Dataset entries
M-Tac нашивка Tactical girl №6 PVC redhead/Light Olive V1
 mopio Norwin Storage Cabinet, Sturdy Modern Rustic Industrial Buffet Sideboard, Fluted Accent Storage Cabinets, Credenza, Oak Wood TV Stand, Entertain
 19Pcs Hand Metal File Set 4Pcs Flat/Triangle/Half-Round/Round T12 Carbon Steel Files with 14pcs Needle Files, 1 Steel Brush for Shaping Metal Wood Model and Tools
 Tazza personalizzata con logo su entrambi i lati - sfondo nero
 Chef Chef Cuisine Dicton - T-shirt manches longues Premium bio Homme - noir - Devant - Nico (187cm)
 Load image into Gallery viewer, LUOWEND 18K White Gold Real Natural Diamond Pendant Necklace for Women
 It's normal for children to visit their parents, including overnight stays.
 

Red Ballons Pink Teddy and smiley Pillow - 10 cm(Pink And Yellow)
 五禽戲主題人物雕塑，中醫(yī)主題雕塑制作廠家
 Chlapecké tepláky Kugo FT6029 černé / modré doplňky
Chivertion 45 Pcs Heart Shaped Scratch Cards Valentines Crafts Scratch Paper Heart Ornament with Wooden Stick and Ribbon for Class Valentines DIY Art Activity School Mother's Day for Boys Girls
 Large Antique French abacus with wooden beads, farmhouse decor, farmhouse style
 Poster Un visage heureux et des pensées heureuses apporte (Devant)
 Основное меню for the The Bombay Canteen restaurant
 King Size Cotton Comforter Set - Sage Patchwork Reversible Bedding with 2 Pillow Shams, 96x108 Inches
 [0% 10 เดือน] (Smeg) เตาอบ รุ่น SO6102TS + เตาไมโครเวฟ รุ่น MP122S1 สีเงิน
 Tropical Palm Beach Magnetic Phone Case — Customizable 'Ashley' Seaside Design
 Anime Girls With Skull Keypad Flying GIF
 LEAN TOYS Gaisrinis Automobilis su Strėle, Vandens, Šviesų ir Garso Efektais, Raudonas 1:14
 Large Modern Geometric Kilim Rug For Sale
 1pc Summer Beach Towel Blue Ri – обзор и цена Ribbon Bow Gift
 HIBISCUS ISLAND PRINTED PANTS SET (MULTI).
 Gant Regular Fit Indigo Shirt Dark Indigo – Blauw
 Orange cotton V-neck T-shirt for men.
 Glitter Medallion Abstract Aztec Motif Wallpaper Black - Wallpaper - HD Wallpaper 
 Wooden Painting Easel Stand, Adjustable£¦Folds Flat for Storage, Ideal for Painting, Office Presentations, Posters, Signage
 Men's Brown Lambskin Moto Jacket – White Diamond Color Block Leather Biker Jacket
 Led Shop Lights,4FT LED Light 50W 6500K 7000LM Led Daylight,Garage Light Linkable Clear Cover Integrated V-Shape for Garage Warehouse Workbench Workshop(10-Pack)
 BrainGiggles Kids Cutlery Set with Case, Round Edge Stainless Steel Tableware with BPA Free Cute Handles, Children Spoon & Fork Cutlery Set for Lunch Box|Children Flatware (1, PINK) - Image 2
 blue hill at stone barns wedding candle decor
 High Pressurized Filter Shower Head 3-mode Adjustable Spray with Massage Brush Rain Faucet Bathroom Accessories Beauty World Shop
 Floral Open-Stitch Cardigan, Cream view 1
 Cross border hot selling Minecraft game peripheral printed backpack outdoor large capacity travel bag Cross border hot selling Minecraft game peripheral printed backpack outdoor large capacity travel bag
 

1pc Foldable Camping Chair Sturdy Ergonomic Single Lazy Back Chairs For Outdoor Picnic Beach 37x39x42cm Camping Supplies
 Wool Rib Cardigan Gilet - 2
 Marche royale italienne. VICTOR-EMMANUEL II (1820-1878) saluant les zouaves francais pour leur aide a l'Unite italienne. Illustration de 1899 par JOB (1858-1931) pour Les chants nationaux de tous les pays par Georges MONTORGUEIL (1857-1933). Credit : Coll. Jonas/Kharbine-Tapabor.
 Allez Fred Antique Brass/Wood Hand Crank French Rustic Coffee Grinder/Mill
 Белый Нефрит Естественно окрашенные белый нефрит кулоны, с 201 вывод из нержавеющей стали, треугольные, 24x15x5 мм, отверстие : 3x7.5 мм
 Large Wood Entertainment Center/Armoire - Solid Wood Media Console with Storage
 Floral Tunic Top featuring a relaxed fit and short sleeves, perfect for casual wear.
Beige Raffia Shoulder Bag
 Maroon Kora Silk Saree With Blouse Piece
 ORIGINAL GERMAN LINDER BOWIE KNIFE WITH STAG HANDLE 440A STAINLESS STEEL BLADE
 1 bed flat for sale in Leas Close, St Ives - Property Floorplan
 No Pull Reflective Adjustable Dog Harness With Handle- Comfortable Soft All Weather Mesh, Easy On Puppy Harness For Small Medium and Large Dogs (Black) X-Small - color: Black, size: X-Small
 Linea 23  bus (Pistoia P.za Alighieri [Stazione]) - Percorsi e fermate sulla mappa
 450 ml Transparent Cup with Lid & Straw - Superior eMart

What is required –
Only the lines above starting at the line that holds "Red Ballons Pink" and ending at the line that holds "Chlapecké tepláky Kugo" are to be repeated, exactly and in full.

Exercise output –
Red Ballons Pink Teddy and smiley Pillow - 10 cm(Pink And Yellow)
 五禽戲主題人物雕塑，中醫(yī)主題雕塑制作廠家
 Chlapecké tepláky Kugo FT6029 černé / modré doplňky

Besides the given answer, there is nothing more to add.